Answer: There are two species of flatheaded borers that may invade apple trees. Chrysobothris femorata is the species endemic to the East. On the Pacific coast, C. mali fills a similar niche. Adults emerge from woodland trees in late April through early May and begin laying eggs beneath bark scales on the tree. The graft union is a favorite place for egg deposition.
Maintaining trees in good vigor is important first-line protection from flatheaded borers since a tree in good vigor will be able to drown an invading larva with sap. Drought-stressed trees are much more susceptible to borers; therefore, adequate water is essential. For all species of borers, the larvae can be removed from the trunk with a jackknife or piece of wire. Look for signs of borer damage, such as frass mixed with sawdust at the base of the tree and at the pest’s entry hole. Because the roundheaded borer may burrow deep into roots, it is important to check routinely (at least twice during the growing season (e.g., once in May and again in September) for borers, or they can extend beyond the range of manual removal.

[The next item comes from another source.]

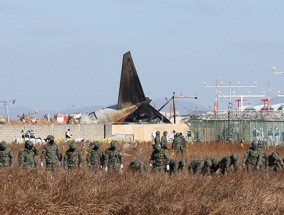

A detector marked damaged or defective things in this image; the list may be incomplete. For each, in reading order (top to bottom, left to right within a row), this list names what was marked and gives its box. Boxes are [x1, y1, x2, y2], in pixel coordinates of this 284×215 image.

burned aircraft wreckage [80, 51, 170, 123]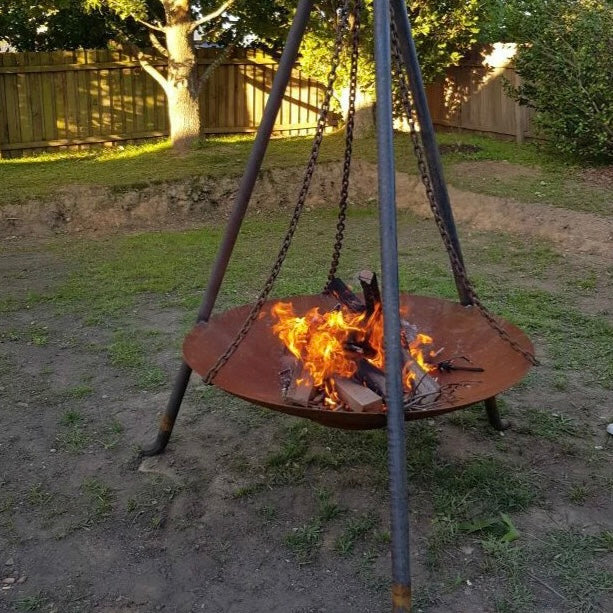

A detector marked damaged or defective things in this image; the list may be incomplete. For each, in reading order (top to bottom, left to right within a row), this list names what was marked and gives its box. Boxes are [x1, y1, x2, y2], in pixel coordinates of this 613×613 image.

Perhaps the best non-chemical protection from all species of borers is to wrap the bottom 12 to 18 inches of the trunk in window screen (metal, fiberglass, or nylon are all effective). Secure the top with a twist-tie, being certain to loosen and retie it at least once a year. The bottom should be snug against the ground or also secured with a twist-tie.
NCAT Horticulture Specialist Guy Ames recently wrote a blog post on this very topic, which includes detailed photos.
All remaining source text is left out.